Reza Hiwa
Poet
Publisher
Reza Hiwa

Reza Hiwa is a poet, born in Tehran in 1955 to Kurdish parents who migrated to a working class neighbourhood in Tehran. He grows as a migrant in his own country, forced to hide that they were Kurds and that his parents were Sunnis. He spent his youth in this neighborhood where the country's ethnic mosaic mingled. Poverty always pushes the left-behind from the provinces toward the metropolises

He enters university to fulfill his parents' dream and become an engineer, the symbol of social success. But his mind is elsewhere. On the eve of exams, he devours Beethoven, Marx and Hugo, and instead of studying the resistance of materials, he thinks of another kind of resistance.

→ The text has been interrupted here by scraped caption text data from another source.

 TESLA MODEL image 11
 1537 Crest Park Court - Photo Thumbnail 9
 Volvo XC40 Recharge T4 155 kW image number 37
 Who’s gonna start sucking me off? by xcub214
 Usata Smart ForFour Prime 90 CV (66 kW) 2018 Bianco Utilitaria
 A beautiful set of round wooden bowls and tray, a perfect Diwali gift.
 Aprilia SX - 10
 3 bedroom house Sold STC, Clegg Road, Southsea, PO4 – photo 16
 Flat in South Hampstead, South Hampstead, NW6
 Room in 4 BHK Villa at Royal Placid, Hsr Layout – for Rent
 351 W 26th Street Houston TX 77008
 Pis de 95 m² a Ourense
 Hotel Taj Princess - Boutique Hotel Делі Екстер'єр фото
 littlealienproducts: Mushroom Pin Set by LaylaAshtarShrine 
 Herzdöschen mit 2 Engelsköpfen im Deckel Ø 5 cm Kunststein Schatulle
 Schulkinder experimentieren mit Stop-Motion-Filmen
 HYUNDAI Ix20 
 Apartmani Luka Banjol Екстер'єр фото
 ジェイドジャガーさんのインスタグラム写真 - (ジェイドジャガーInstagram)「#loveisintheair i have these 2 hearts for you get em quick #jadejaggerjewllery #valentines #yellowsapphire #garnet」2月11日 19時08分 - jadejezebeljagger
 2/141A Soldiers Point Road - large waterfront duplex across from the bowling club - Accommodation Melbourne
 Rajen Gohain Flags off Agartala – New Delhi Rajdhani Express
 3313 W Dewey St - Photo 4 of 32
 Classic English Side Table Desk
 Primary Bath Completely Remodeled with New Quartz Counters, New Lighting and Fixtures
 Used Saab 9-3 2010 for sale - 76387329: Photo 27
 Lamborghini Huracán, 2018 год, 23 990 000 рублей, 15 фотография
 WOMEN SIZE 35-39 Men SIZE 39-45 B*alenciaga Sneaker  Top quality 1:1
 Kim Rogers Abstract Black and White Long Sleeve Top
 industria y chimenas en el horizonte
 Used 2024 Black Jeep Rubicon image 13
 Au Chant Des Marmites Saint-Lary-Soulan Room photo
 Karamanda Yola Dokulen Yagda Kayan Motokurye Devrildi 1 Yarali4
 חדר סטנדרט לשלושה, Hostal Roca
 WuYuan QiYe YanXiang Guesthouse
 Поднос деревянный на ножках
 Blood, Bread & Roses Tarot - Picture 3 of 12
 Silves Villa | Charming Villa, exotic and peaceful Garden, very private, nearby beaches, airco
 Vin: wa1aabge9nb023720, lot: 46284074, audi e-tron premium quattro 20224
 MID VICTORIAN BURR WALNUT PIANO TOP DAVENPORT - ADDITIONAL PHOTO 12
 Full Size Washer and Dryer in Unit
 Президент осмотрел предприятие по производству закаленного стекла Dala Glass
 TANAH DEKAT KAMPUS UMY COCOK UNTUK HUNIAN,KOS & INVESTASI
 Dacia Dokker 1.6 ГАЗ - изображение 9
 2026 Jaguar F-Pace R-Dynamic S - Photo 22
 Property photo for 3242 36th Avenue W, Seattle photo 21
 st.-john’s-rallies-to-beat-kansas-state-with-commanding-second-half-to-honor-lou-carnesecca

He fights against the Shah's regime, then against the Republic which he considers repressive. There he is in France, father of three children. Another gift from life takes him traveling across Europe.

He claims to be a poet. If you ever run into him, don't contradict him.

He finally finds his fetish book, Man, which he reads voraciously. He prefers conversations on a trail to ideological debates.

He says he was born to sow. To sow even when everything suggests he is alone, isolated and marginal. To sow despite drought and flood. He believes in the power of words. He distrusts them and he sows them. Words have changed him so many times in his life.